● Task to complete
From the entries below, please output exactly the lines starting at the one containing "Comparison of BOM-based" and ending at the one containing "PLC控制PowerFlex4", both included.

● Data for this task

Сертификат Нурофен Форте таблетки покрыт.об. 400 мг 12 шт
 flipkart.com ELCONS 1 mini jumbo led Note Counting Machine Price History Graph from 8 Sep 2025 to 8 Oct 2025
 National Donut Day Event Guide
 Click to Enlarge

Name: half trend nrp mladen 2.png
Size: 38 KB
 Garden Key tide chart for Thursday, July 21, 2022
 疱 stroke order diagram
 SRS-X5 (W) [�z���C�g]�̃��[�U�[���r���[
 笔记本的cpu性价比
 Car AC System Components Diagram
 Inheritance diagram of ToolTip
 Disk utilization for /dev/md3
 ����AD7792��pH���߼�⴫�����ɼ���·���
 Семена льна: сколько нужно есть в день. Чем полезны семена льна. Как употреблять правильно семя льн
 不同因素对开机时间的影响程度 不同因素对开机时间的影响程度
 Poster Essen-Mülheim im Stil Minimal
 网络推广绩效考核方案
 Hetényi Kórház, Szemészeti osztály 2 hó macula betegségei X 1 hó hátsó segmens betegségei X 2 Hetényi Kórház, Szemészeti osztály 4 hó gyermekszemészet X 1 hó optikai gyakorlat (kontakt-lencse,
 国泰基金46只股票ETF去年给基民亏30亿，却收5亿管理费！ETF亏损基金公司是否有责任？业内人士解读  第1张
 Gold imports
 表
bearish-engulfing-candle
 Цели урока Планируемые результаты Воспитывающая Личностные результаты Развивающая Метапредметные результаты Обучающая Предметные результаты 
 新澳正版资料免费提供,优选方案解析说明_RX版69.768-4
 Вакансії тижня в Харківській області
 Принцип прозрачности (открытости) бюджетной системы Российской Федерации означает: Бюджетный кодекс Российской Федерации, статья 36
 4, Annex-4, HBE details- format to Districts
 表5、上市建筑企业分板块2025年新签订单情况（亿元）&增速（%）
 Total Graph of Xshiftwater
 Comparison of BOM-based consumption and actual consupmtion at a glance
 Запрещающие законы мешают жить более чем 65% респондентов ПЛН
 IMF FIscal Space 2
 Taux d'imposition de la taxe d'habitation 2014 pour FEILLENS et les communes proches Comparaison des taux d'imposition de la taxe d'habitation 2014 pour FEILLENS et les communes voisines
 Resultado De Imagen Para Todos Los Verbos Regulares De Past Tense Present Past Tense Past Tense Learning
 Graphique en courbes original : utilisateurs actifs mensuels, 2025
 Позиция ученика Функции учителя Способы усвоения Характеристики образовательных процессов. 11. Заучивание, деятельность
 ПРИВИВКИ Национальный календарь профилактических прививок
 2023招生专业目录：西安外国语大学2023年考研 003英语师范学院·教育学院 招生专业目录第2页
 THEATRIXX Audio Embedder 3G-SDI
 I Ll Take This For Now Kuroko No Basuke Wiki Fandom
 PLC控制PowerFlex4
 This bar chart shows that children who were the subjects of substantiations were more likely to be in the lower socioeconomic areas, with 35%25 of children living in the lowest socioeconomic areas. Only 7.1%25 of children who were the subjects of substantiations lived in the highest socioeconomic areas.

● Expected answer
 Comparison of BOM-based consumption and actual consupmtion at a glance
 Запрещающие законы мешают жить более чем 65% респондентов ПЛН
 IMF FIscal Space 2
 Taux d'imposition de la taxe d'habitation 2014 pour FEILLENS et les communes proches Comparaison des taux d'imposition de la taxe d'habitation 2014 pour FEILLENS et les communes voisines
 Resultado De Imagen Para Todos Los Verbos Regulares De Past Tense Present Past Tense Past Tense Learning
 Graphique en courbes original : utilisateurs actifs mensuels, 2025
 Позиция ученика Функции учителя Способы усвоения Характеристики образовательных процессов. 11. Заучивание, деятельность
 ПРИВИВКИ Национальный календарь профилактических прививок
 2023招生专业目录：西安外国语大学2023年考研 003英语师范学院·教育学院 招生专业目录第2页
 THEATRIXX Audio Embedder 3G-SDI
 I Ll Take This For Now Kuroko No Basuke Wiki Fandom
 PLC控制PowerFlex4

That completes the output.